**** Dataset extract

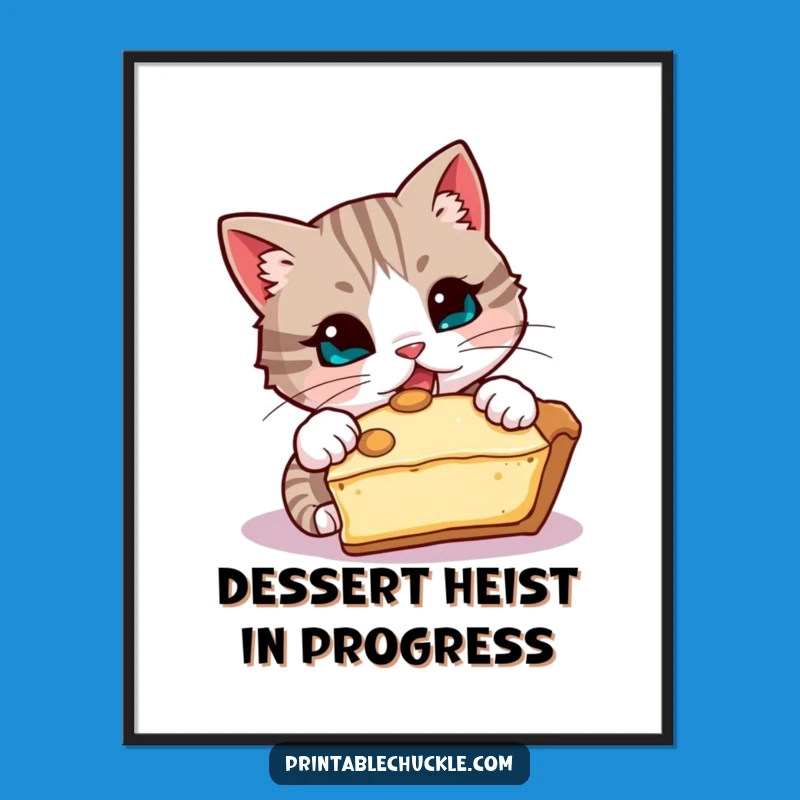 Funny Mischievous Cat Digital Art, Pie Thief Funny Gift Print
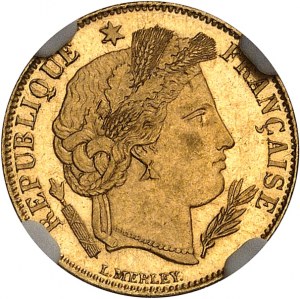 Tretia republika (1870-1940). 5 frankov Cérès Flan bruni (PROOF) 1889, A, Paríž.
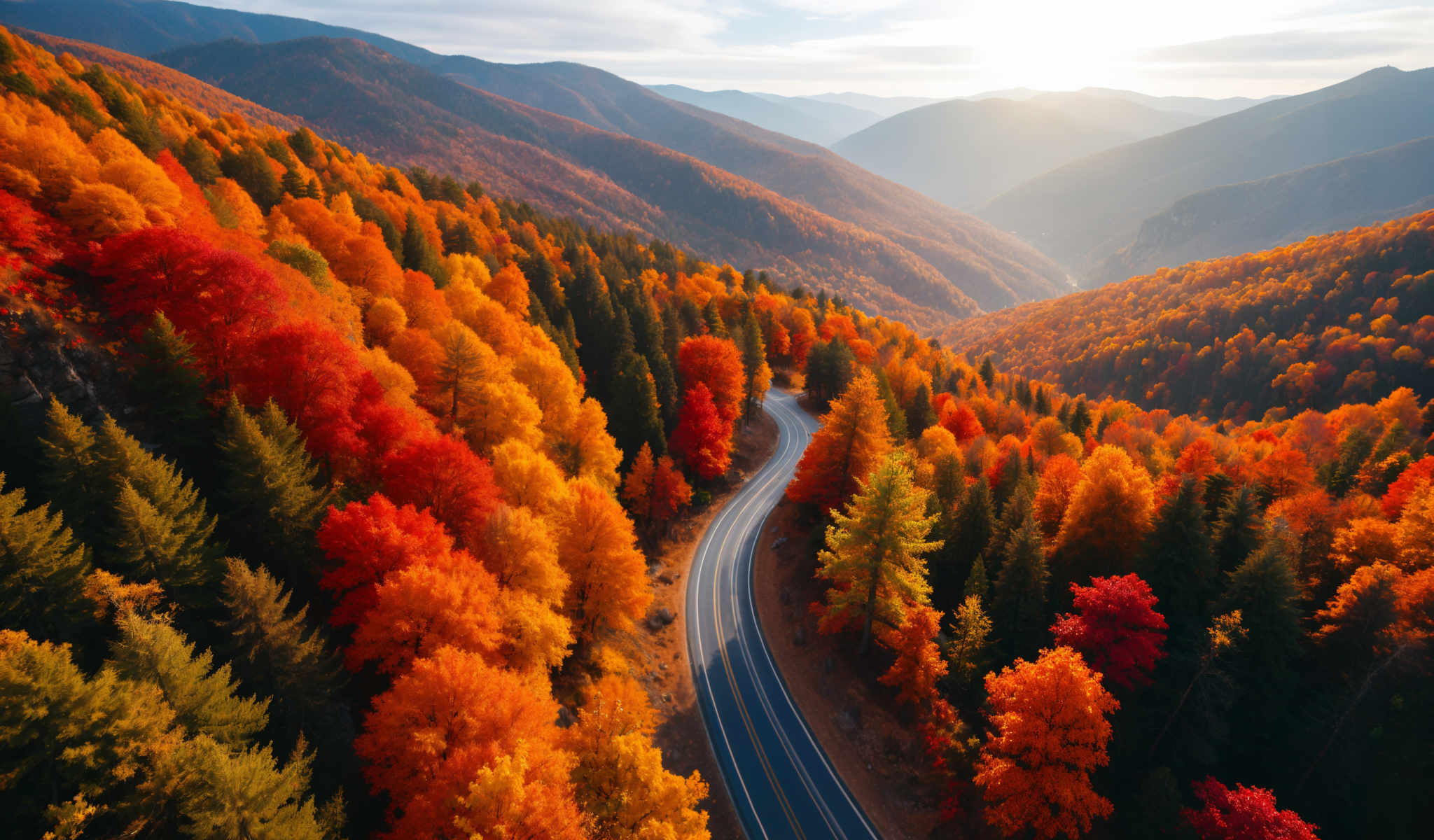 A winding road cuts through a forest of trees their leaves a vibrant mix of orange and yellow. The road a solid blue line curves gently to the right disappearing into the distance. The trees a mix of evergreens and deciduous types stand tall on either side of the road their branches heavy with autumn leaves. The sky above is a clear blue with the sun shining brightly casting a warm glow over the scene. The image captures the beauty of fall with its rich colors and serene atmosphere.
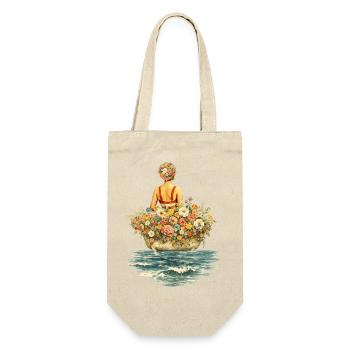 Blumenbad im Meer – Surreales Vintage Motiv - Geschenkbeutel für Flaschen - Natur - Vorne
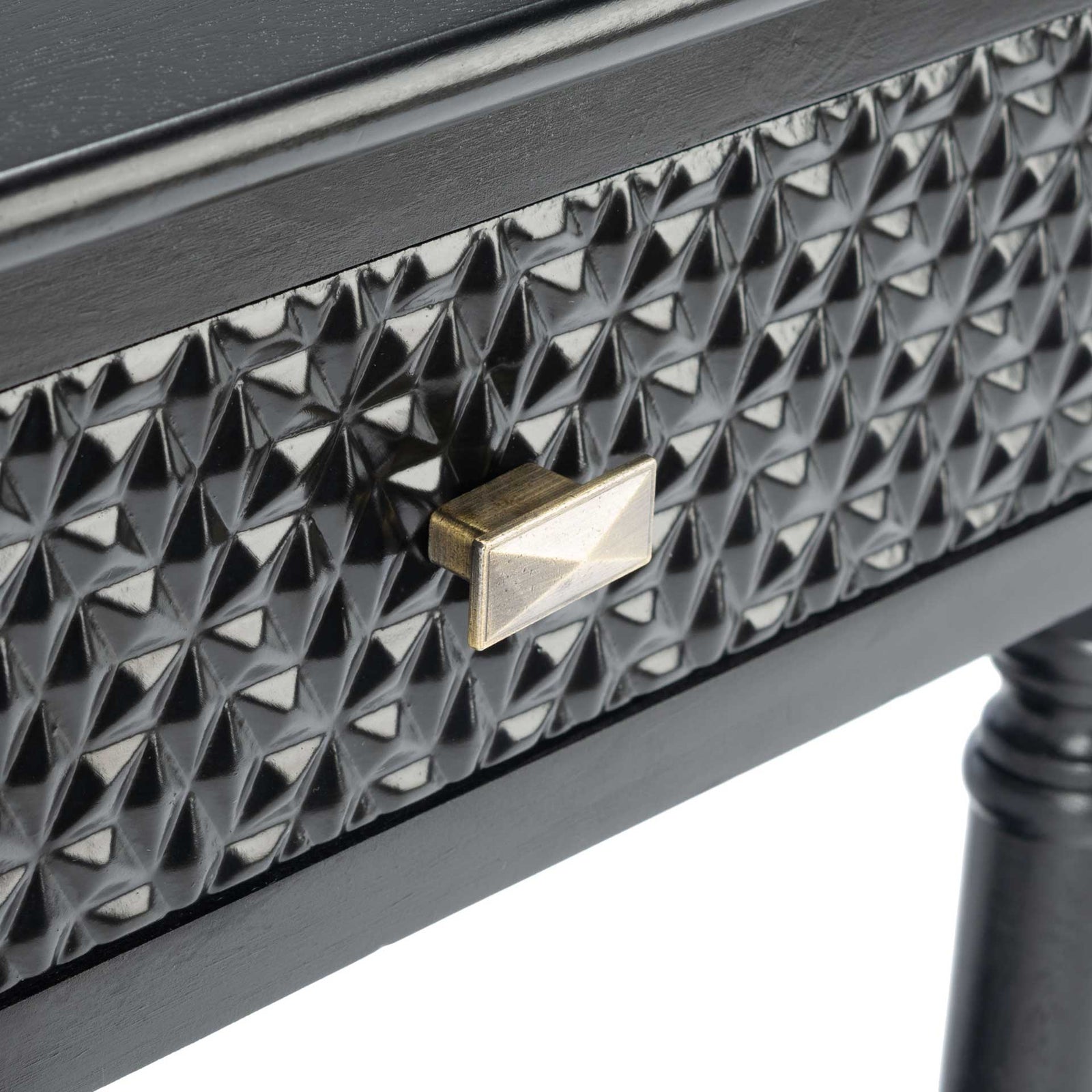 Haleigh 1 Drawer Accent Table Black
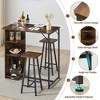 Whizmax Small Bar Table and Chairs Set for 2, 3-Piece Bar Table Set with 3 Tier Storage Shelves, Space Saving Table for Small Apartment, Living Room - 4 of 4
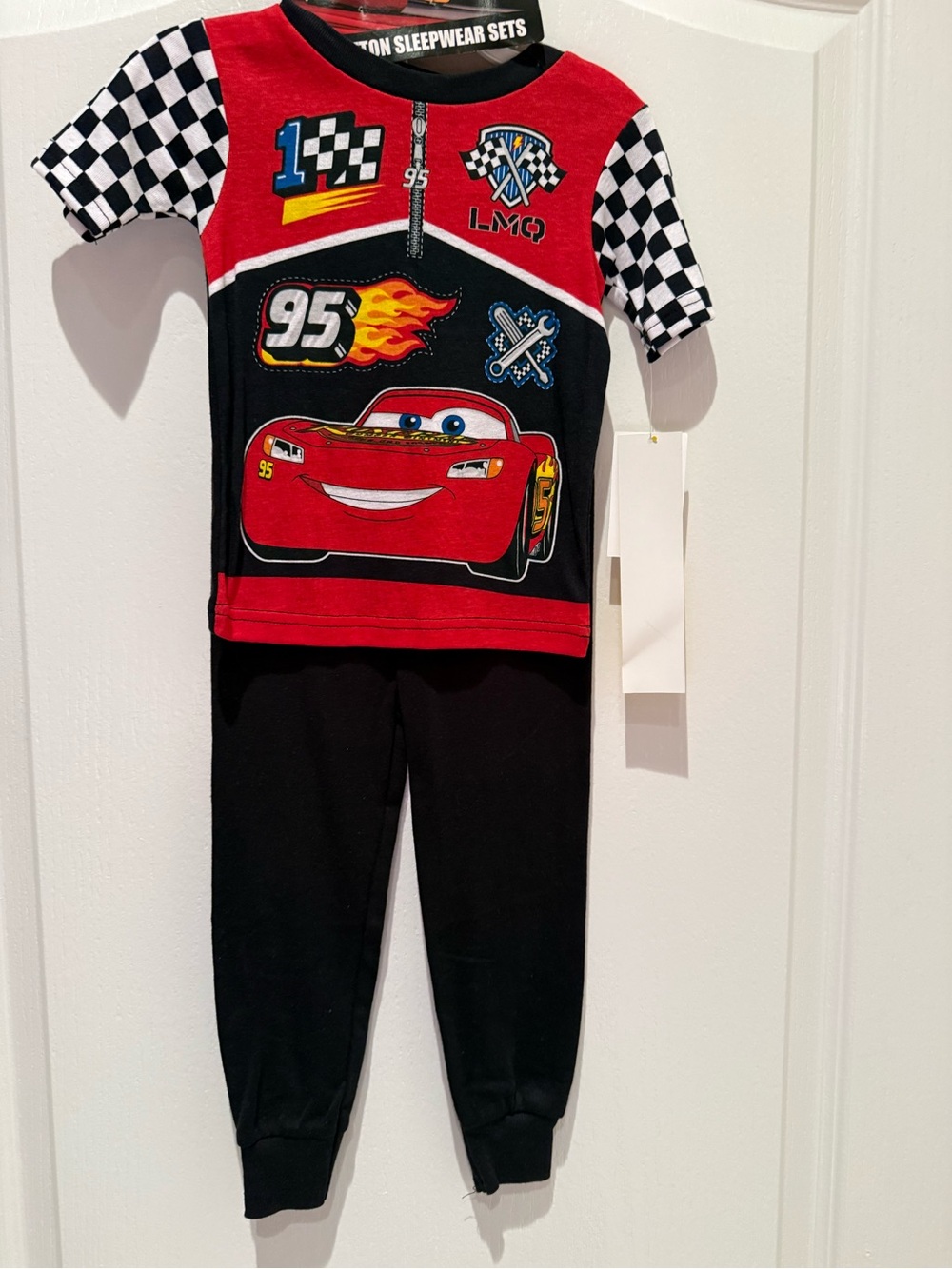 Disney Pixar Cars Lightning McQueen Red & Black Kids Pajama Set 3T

********
**** Dataset extract

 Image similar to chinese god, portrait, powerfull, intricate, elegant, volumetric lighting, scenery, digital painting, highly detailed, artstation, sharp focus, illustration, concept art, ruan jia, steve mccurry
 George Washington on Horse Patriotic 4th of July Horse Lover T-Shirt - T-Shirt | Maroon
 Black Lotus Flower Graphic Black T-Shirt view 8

********
**** Dataset extract

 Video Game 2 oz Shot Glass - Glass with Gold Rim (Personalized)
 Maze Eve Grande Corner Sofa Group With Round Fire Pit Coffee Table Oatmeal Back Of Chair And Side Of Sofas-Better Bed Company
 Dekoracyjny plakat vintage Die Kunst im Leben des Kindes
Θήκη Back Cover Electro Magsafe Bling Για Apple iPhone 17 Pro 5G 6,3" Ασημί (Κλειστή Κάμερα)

********

Activity: A clean copy is needed of the lines in the listing above from the one with "Funny Mischievous Cat" through the one with "Tretia republika (1870-1940).", exact in every word and free of pictures.

Solved problem:
 Funny Mischievous Cat Digital Art, Pie Thief Funny Gift Print
 Tretia republika (1870-1940). 5 frankov Cérès Flan bruni (PROOF) 1889, A, Paríž.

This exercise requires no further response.